As far as I can tell none of the suggestions worked, here is what the most promising one looks like:
regex.png


nomatch.png


The result is the same whether the regex has a preceeding / or not.
Is it busted?

All I want to do is only allow user names that have letters and/or numbers and no more than a single space in them.
 
You just write the regex part itself, not the delimiters. So you'd just do:

^[a-z0-9\s]+$
Thanks. Is the \s an issue since it would match not just space but also whitespace like a tab?
It also seems like XF "autocorrects" multiple consecutive spaces into a single space?

Code:
Us    er becomes Us er
This is desired, just confirming that XF actually does that automagically.
 
It also seems like XF "autocorrects" multiple consecutive spaces into a single space?
Correct. You could just use a literal space as well. Technically speaking, that regex doesn't allow just one space in the name (in total), if that's what you were specifically after.

For one space in total, I think you'd have to use this (untested):

^[a-z0-9]+( [a-z0-9]+)?$
 
This seems to work, though perhaps unnecessarily strict since it will match single character user names which most board probably won't allow:

Code:
^[a-z0-9]++(?:\s[a-z0-9]++)?$

What this does is only allow latin letters, numbers, and a single space in the user name. Meaning that users can't have a phase as their user name.

"My Username" will work.
"My awesome Username" will not work since more than one space in name.
 
I was able to register that name using that RegEx on my test board.

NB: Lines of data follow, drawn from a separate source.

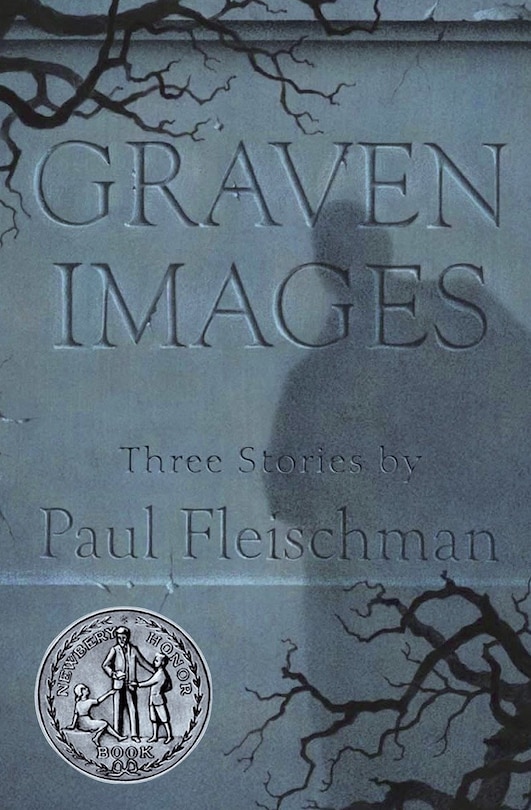 Couverture_Graven Images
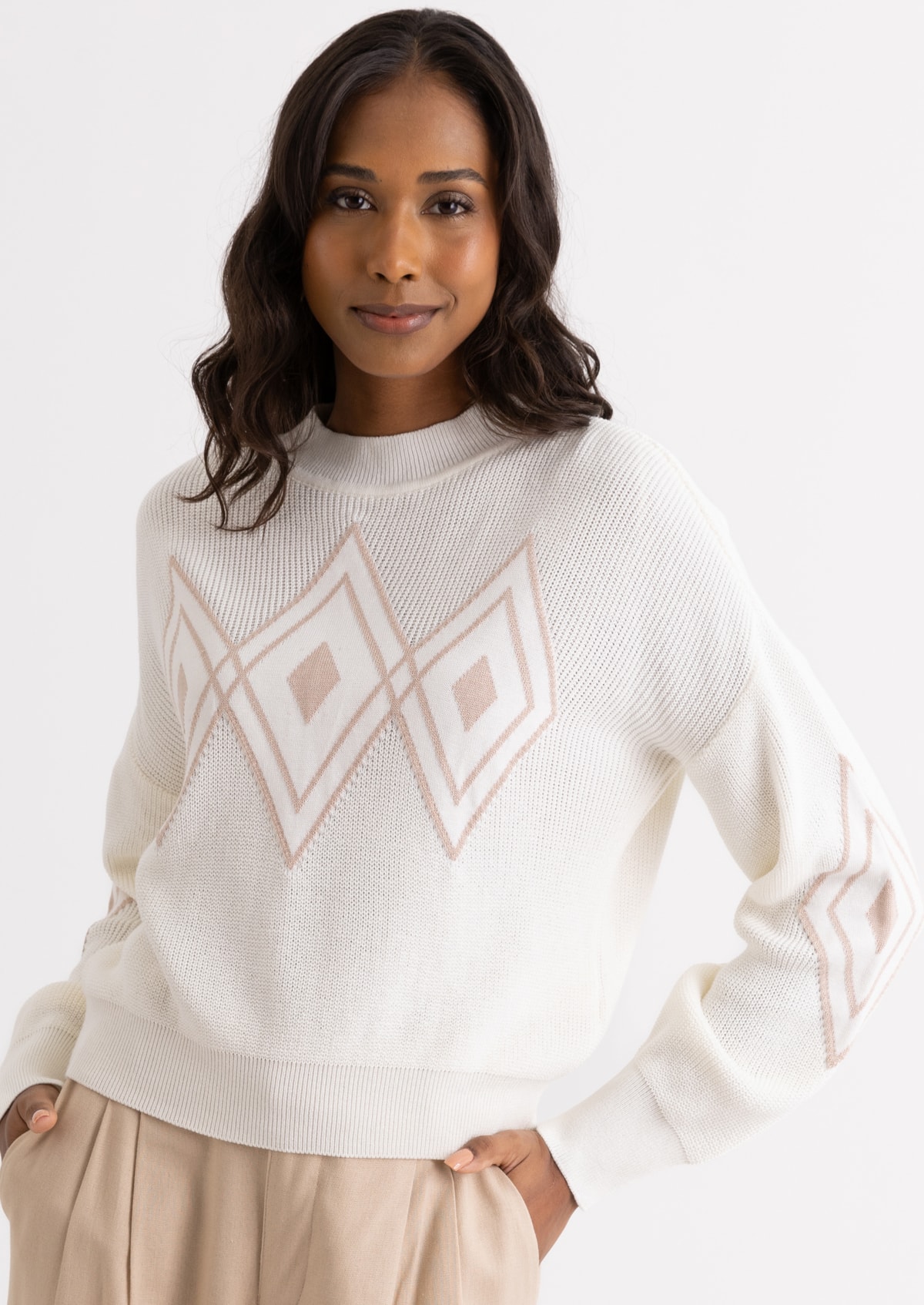 image_04c8136a-90c6-44a9-8bb4-c10231841086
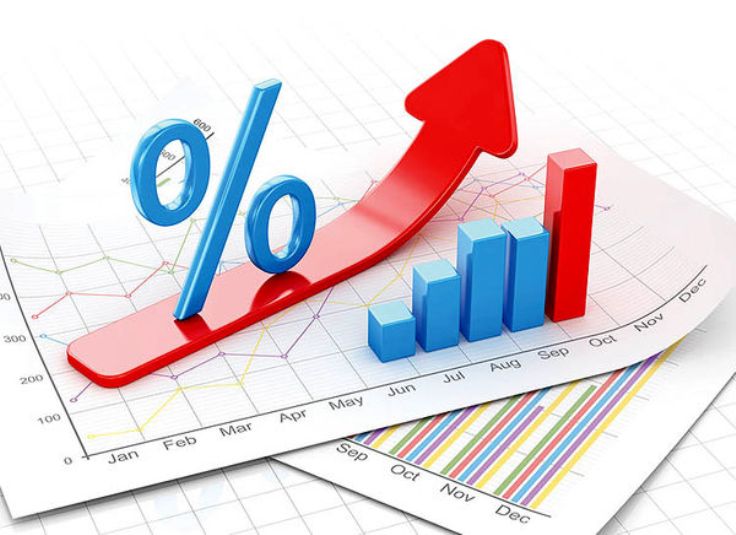 نرخ سود بانکی باید بالاتر از تورم باشد / بانک‌ خیریه نیست!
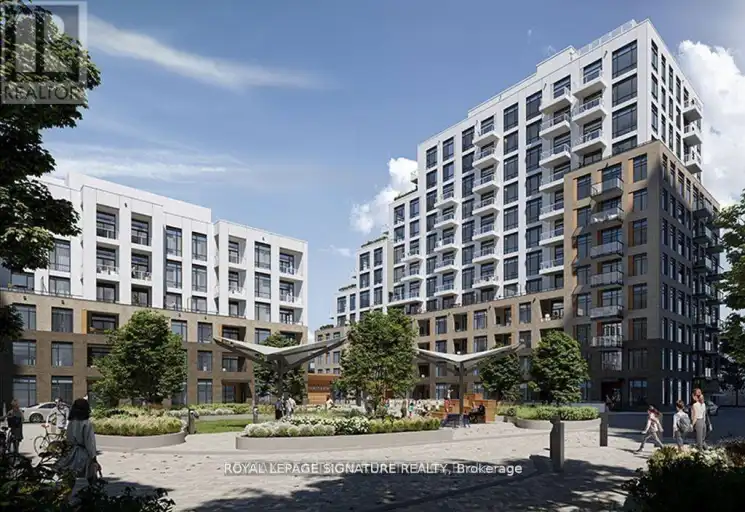 312 - 8 BEVERLEY GLEN BOULEVARD | 312 - 8 BEVERLEY GLEN BOULEVARD, Vaughan | 3173842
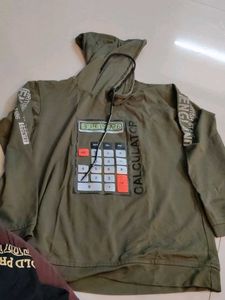 100 per piece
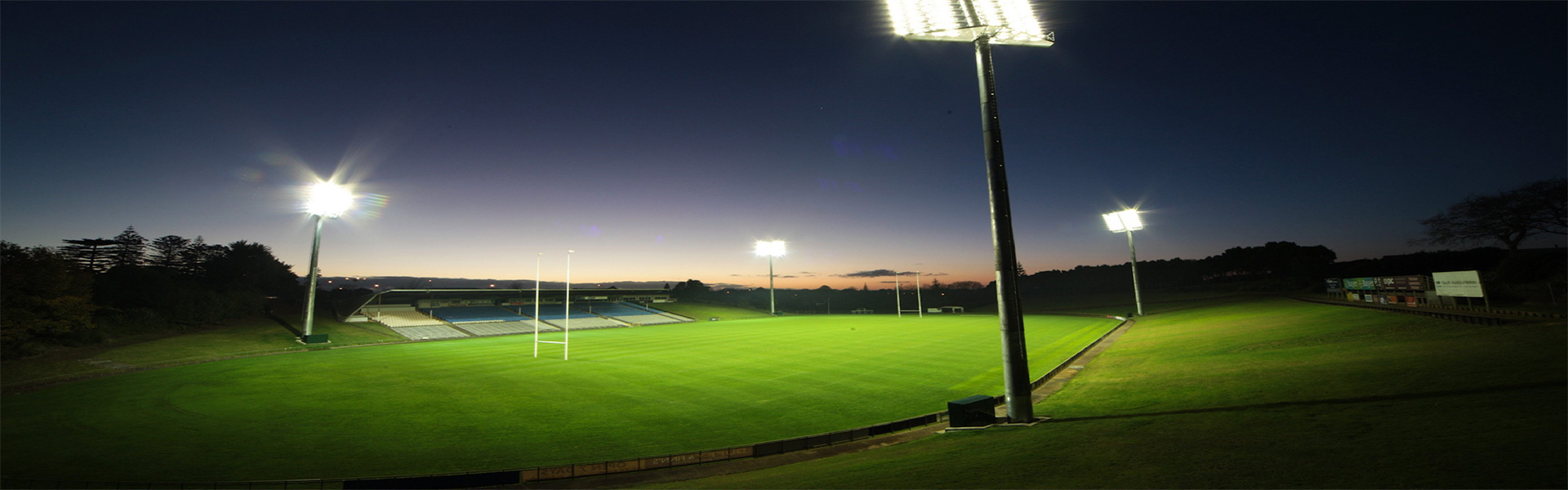 https://www.mic-led.com/wp-content/uploads/2025/05/1920x600-G-floodlight.jpg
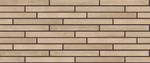Ригельная плитка Rondine Arenosa Beige 450x48x9,5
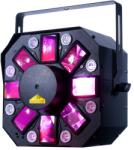 ADJ Stinger II Efect de lumini (<![CDATA[1237000133]]>)
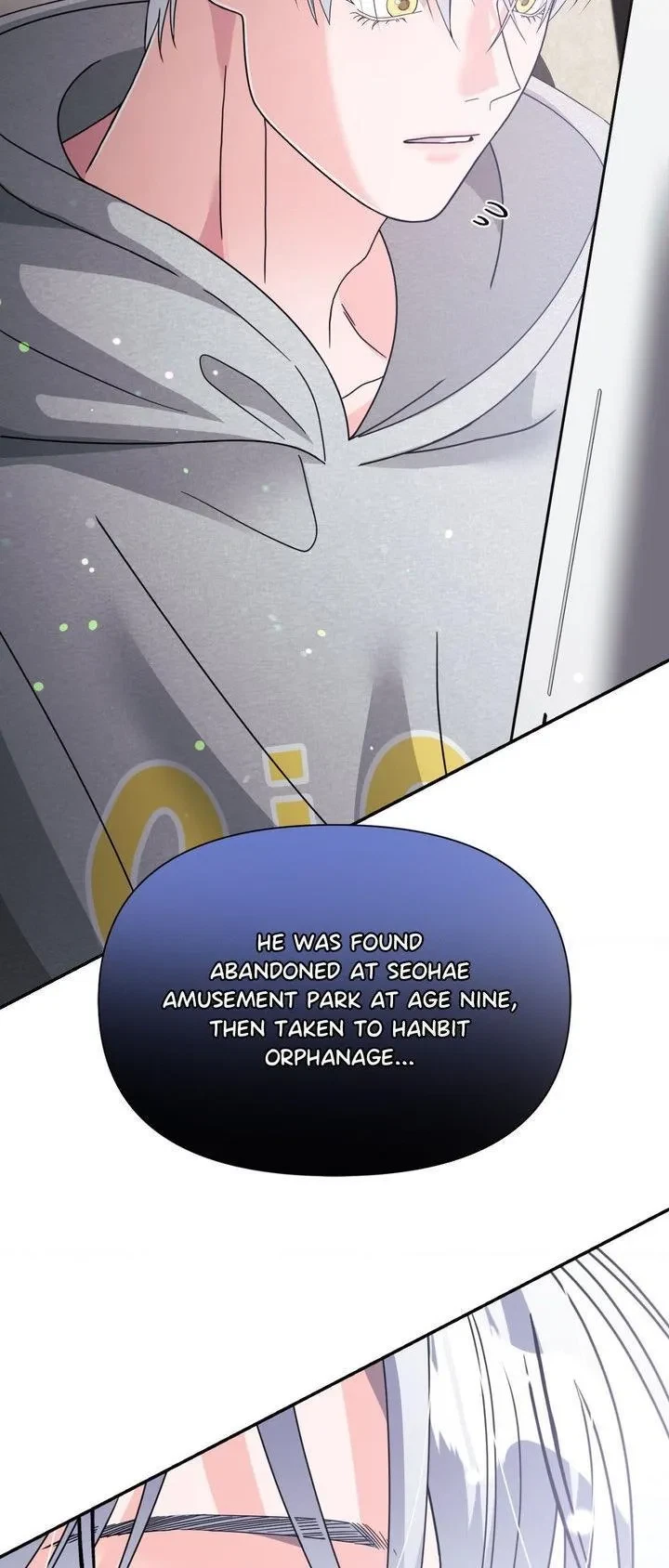 Chapter 42, page 5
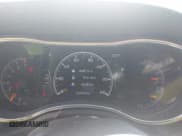 ✅ 2017 Jeep Grand Cherokee Altitude • VIN: 1C4RJFAG5HC954322 • Lot: 42793775. Listed on IAAI with 107,676 mi. Free auction sales archive from the USA and detailed vehicle history report at DreamBid. Image 7.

Are you sure you don't have any other characters within your validation field?
 
^[A-Za-z0-9 -_]+$

^ is an anchor and matches the beginning of the string
[] matches a single character contained within the brackets
+ repeats the previous match one or more times
$ is an anchor and matches the end of the string

So the above expression matches any uppercase or lowercase character from a to z, the digits 0 to 9 as well as space, hyphen and underscore, one or more times.